Rachel Weisz took top acting honors and Ian McKellen was recognized for a half-century in the theater Monday at London's Evening Standard Theater Awards.
Weisz won the acting prize for playing faded southern belle Blanche Dubois in Tennessee Williams' "A Streetcar Named Desire." The prize was renamed the Natasha Richardson Best Actress Award this year in honor of the actress who died in March after a skiing accident in Quebec.
The award was presented by Richardson's mother, Vanessa Redgrave.
Weisz, who won a supporting-actress Academy Award for "The Constant Gardener," said it was an honor to receive a prize named for "the great and much, much-loved Natasha Richardson."
She spoke from Romania, where she is filming Bosnia-set drama "The Whistlebower."
McKellen received a special award for his outstanding contribution to British theater.
The best actor prize went to Mark Rylance for his role as a compelling rogue in Jez Butterworth's "Jerusalem" at the Royal Court Theatre. "Jerusalem" also was named best play.
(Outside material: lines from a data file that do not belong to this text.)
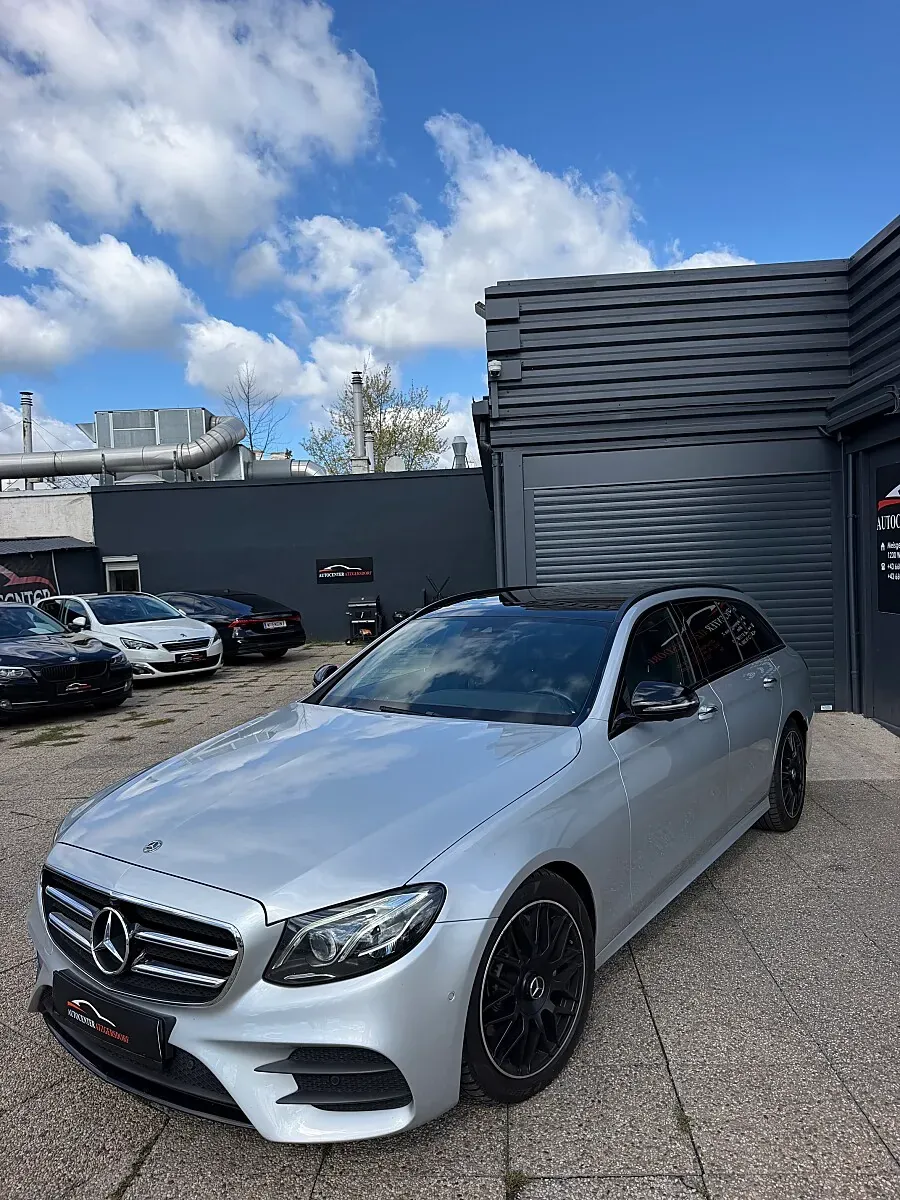 Mercedes-Benz E-Class 2019 photo 2
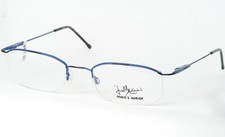 Vintage Jo Meurer by Yabi Spirit 5085 1818 BLUE /BLACK EYEGLASSES 50-21-130mm picture
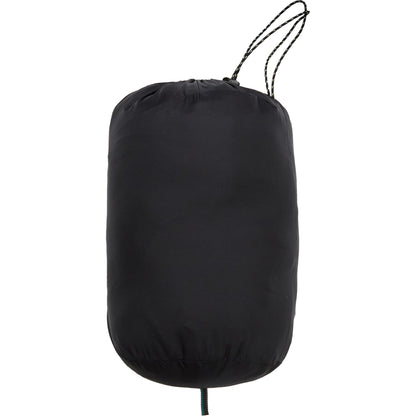 Front View of Black tentree Cloud Shell Packable Puffer - Women's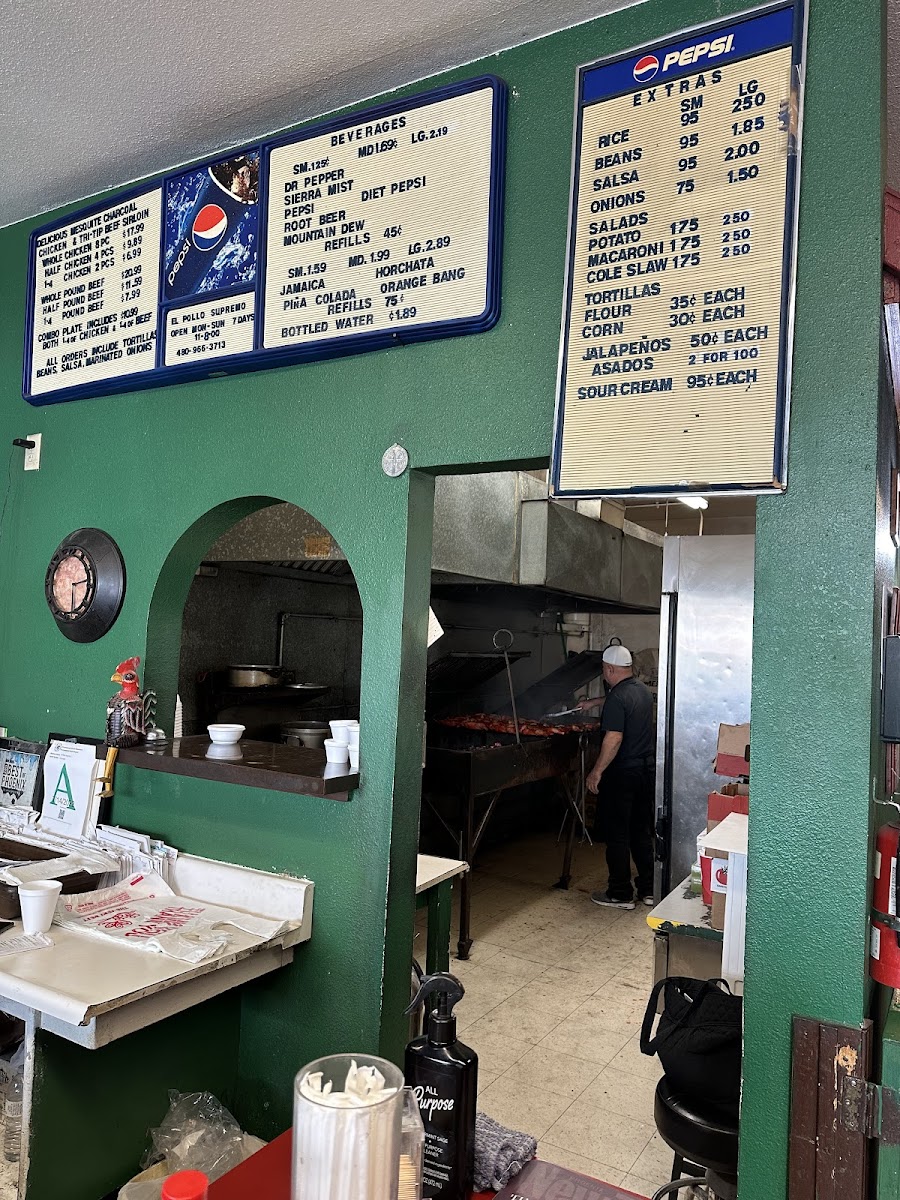 El Pollo Supremo Menu - Image 6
The best director prize went to Rupert Goold for the corporate critique "Enron" _ another victory for the off-West End Royal Court _ while "Hello Dolly!" at the Open Air Theatre in Regent's Park was named best musical.
Veteran comedian Lenny Henry, 51, was named best newcomer for his lead performance in "Othello" _ his Shakespearean debut.
Now in their 55th year, the Evening Standard awards are sponsored by London's afternoon newspaper.